Go through the listing below and retype exactly the lines starting at the one with "قرب مخبز سومر." and ending at the one with "2017 – Honda Vezel – Black", skipping pictures.

Exercise materials>
= = = =

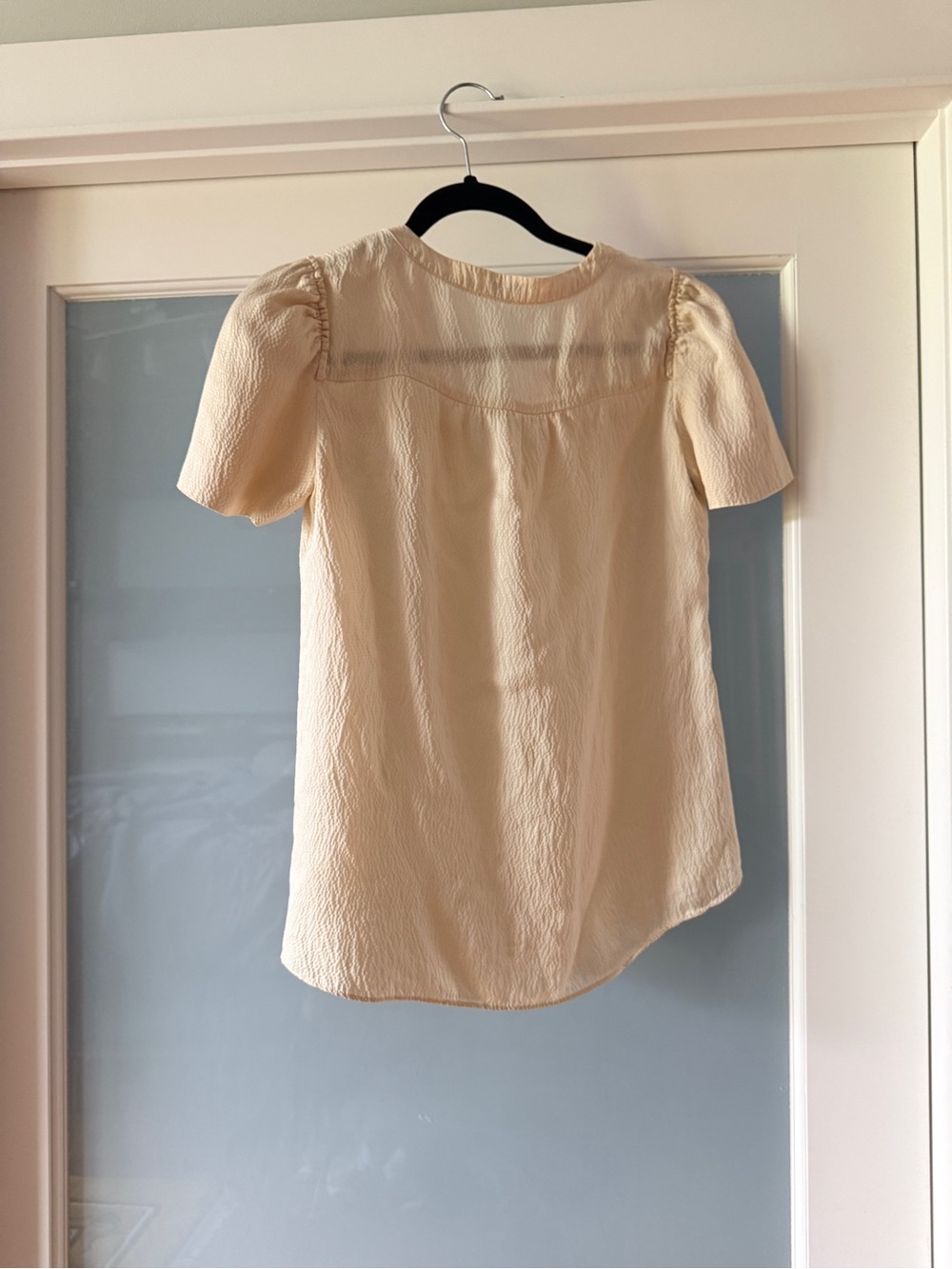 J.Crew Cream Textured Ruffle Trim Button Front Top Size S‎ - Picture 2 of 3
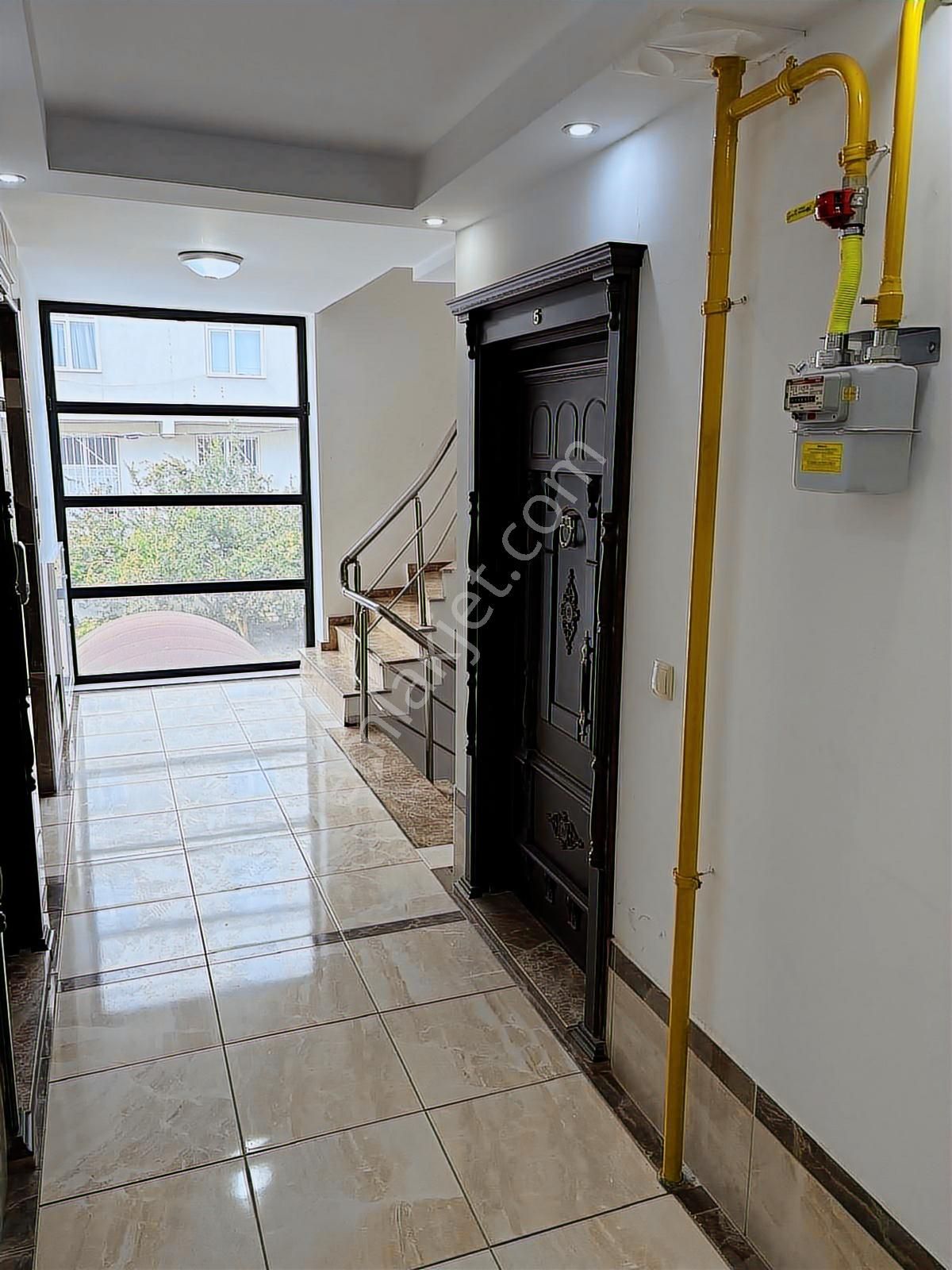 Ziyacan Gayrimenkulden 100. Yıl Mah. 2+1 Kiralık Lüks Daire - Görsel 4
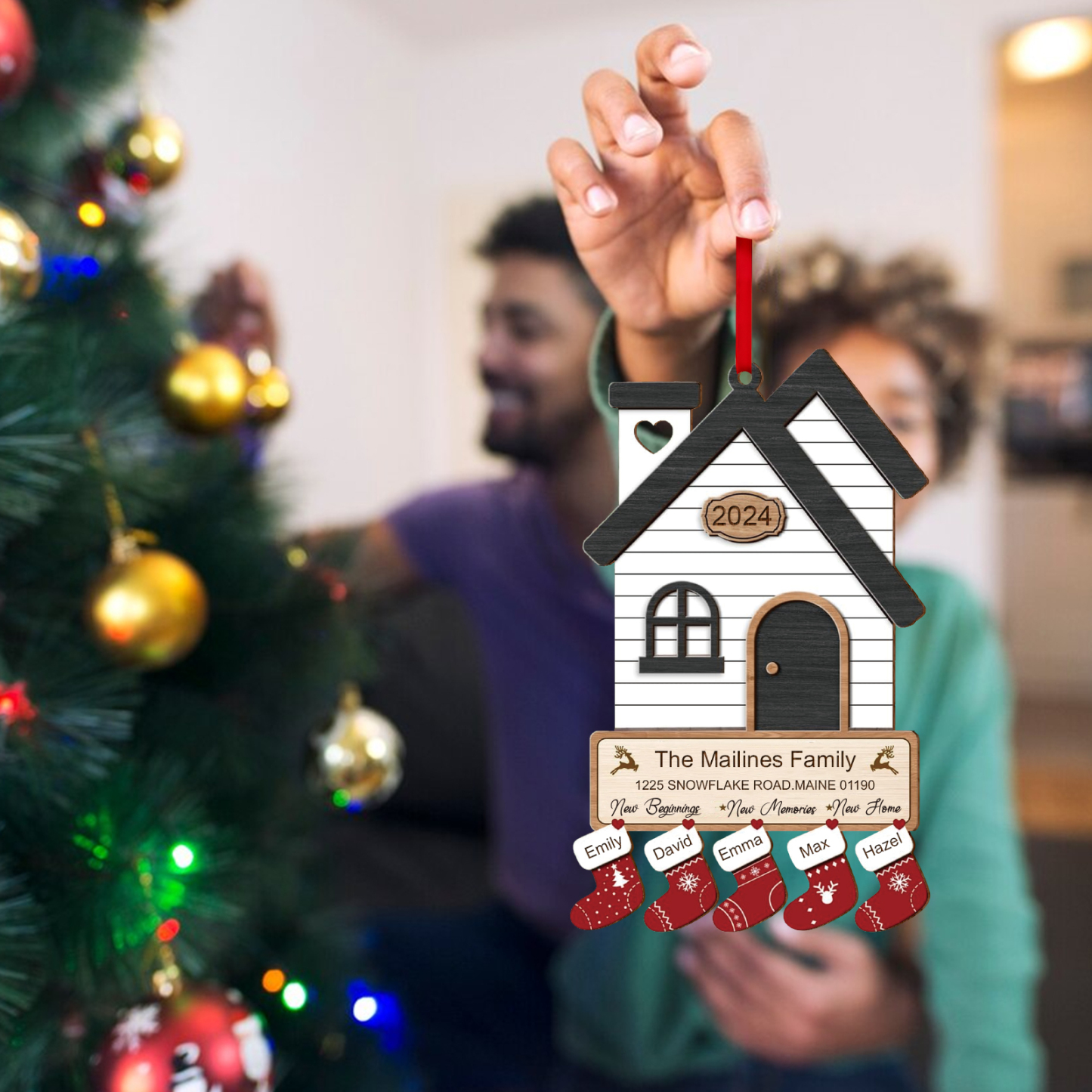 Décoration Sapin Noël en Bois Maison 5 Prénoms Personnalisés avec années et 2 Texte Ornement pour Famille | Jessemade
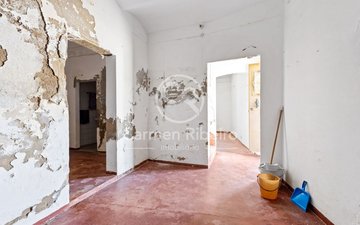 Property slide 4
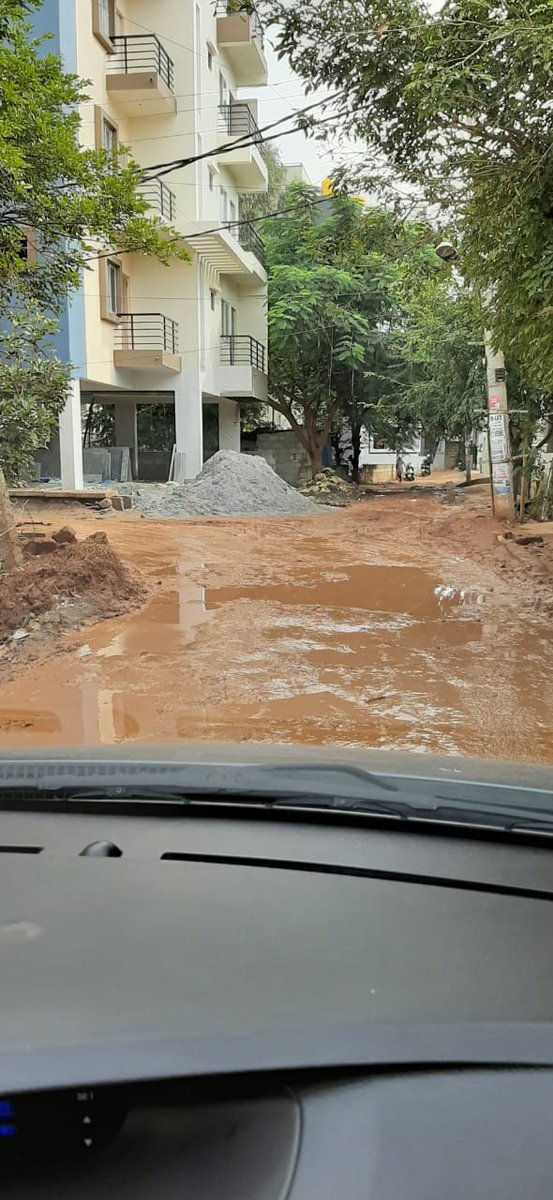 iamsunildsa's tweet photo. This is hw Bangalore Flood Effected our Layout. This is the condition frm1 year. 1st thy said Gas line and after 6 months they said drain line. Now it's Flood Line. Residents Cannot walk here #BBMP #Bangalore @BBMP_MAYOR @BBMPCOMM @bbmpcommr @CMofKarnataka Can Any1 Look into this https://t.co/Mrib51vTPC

= = = =

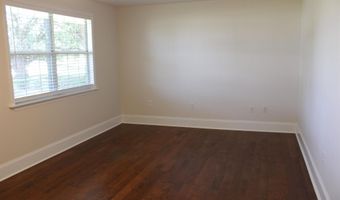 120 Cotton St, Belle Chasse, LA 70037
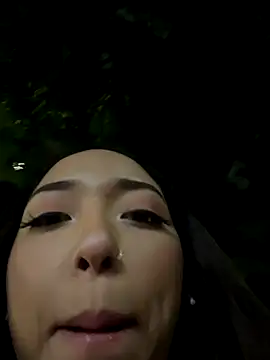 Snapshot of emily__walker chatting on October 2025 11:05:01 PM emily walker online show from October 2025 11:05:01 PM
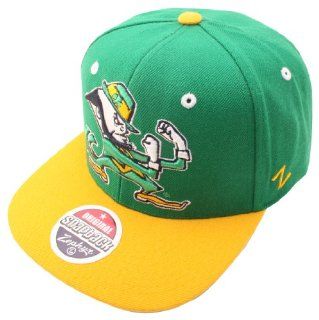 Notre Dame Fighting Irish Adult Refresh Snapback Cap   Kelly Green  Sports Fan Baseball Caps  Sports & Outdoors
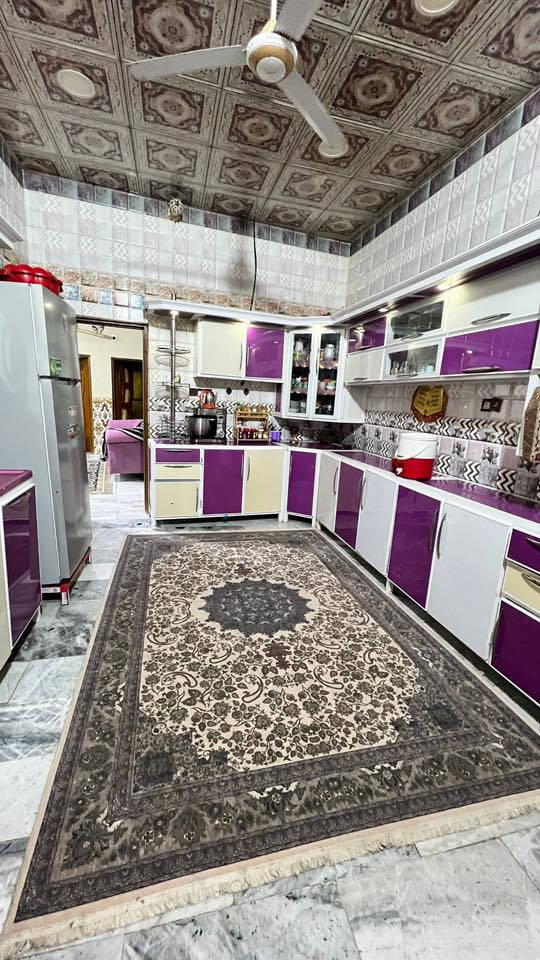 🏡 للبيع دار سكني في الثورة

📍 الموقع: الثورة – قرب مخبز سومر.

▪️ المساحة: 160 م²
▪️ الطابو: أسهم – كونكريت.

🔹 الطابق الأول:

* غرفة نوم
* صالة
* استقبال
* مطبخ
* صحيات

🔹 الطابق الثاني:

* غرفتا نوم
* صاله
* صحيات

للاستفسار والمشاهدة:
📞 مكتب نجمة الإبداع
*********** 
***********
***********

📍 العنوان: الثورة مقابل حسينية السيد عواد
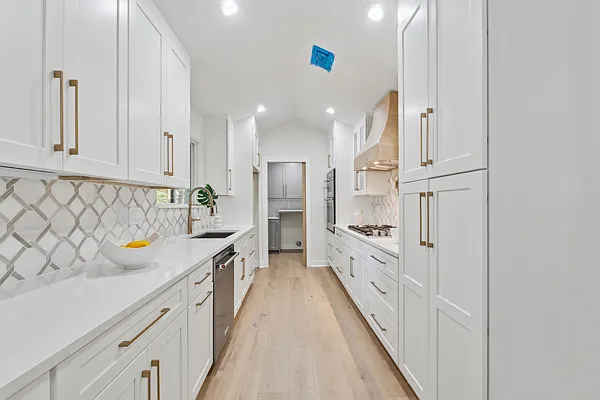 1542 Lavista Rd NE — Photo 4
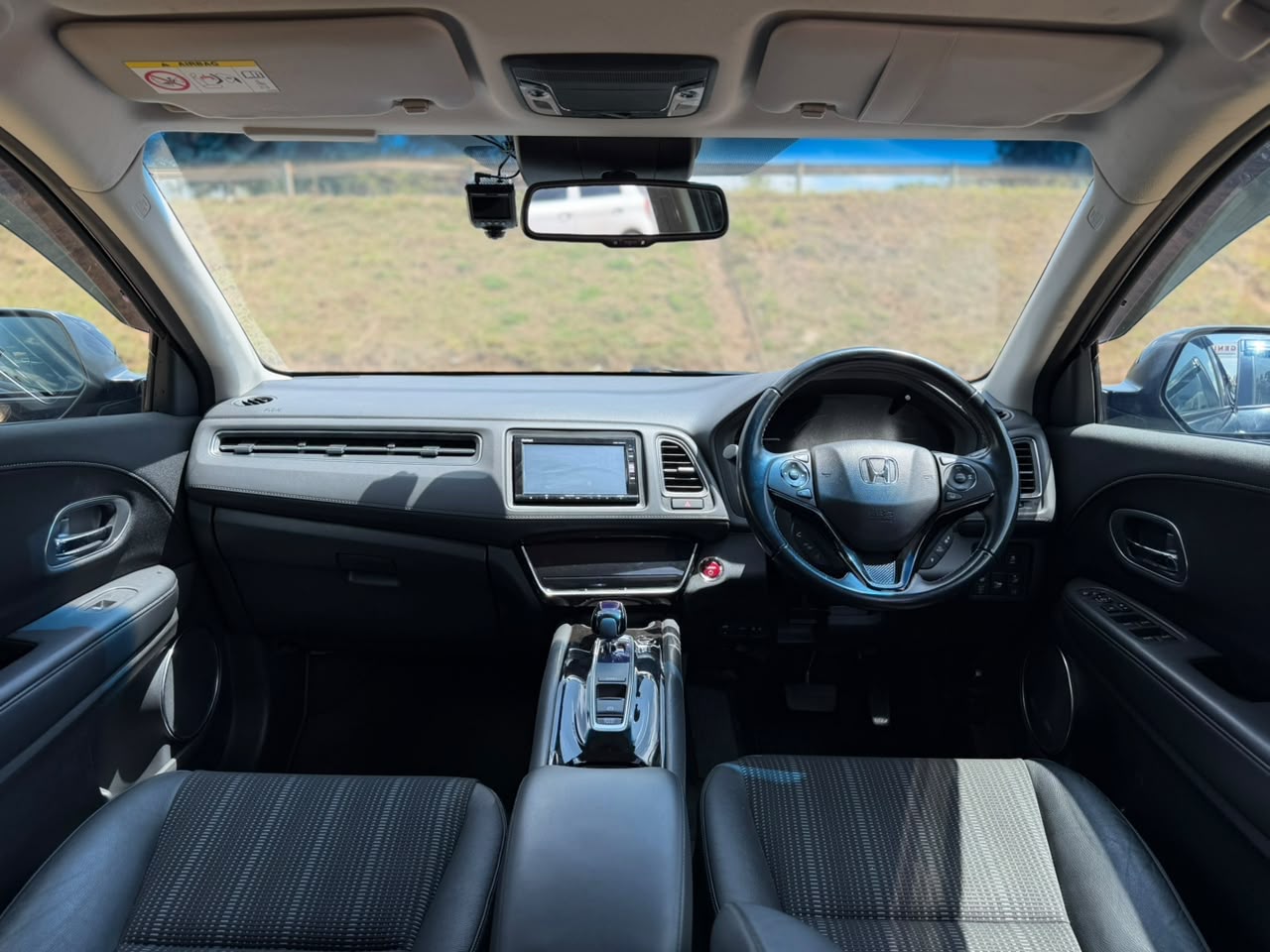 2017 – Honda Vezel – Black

= = = =

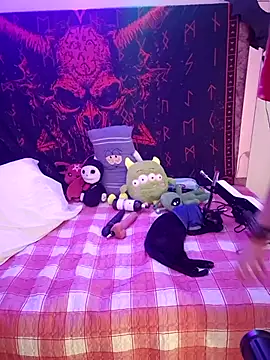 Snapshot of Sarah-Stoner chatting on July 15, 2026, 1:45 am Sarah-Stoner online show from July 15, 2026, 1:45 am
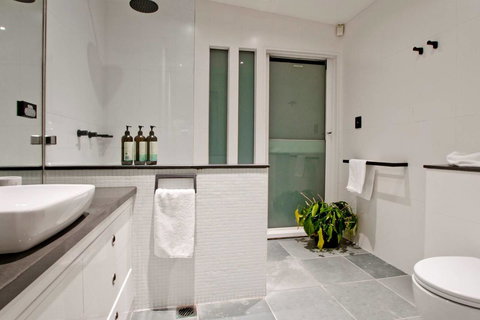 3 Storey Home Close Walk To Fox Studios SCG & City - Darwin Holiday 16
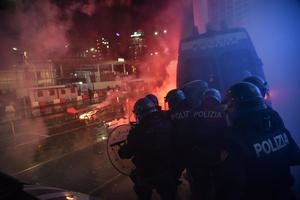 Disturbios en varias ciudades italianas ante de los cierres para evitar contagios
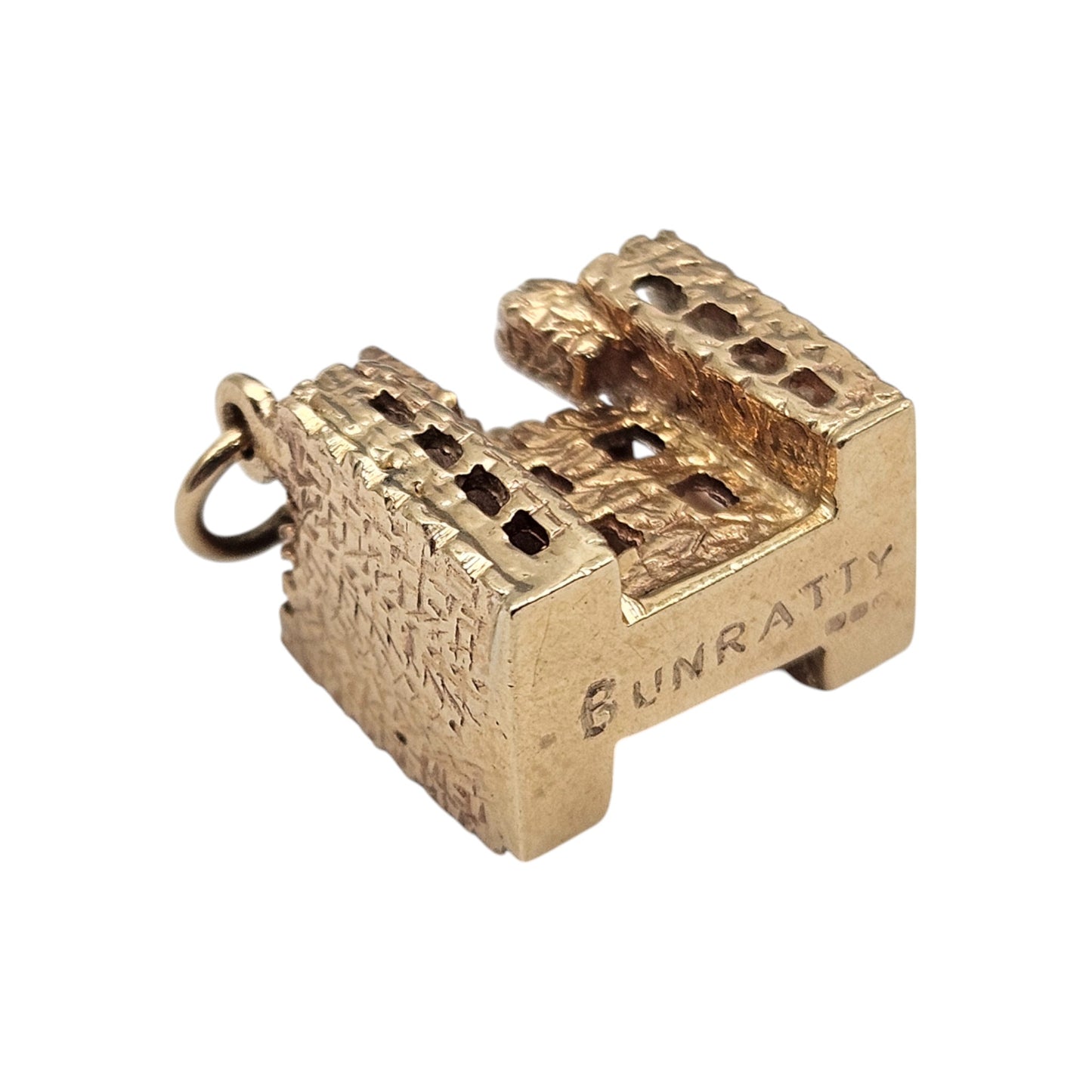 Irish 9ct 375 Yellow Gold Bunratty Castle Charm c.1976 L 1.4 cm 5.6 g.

= = = =

Answer box>
📍 الموقع: الثورة – قرب مخبز سومر.

▪️ المساحة: 160 م²
▪️ الطابو: أسهم – كونكريت.

🔹 الطابق الأول:

* غرفة نوم
* صالة
* استقبال
* مطبخ
* صحيات

🔹 الطابق الثاني:

* غرفتا نوم
* صاله
* صحيات

للاستفسار والمشاهدة:
📞 مكتب نجمة الإبداع
*********** 
***********
***********

📍 العنوان: الثورة مقابل حسينية السيد عواد
 1542 Lavista Rd NE — Photo 4
 2017 – Honda Vezel – Black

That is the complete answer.